**EXERCISE DATA:**
-.-.-

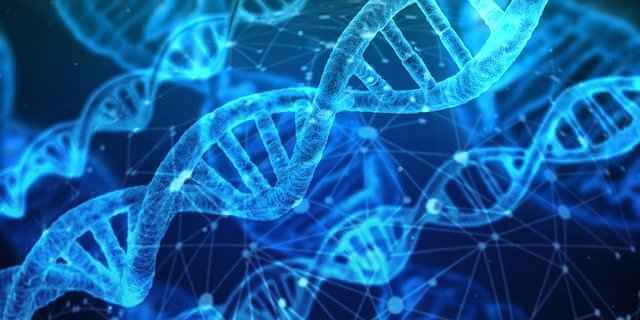 Создана искусственная ДНК, способная развиваться вне клетки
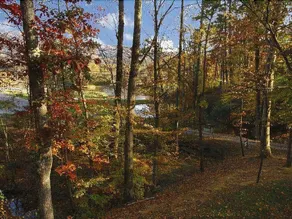 Tomahawk Lodge 3 Bedroom Cabin by RedAwning - Image 5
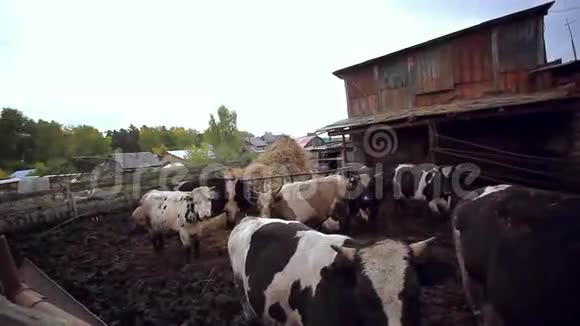 奶牛和猪在农场里吃草视频的预览图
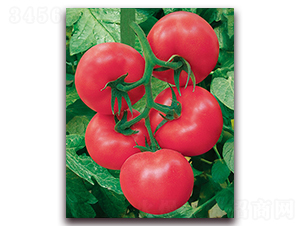 �W˹��F1-��TY�߮a�۹����ѷN��-���r���v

-.-.-

**WHAT YOU NEED TO DO:**
Pictures are to be left out; all other data must be returned exactly.

**TASK RESPONSE:**
 Создана искусственная ДНК, способная развиваться вне клетки
 Tomahawk Lodge 3 Bedroom Cabin by RedAwning - Image 5
 奶牛和猪在农场里吃草视频的预览图
 �W˹��F1-��TY�߮a�۹����ѷN��-���r���v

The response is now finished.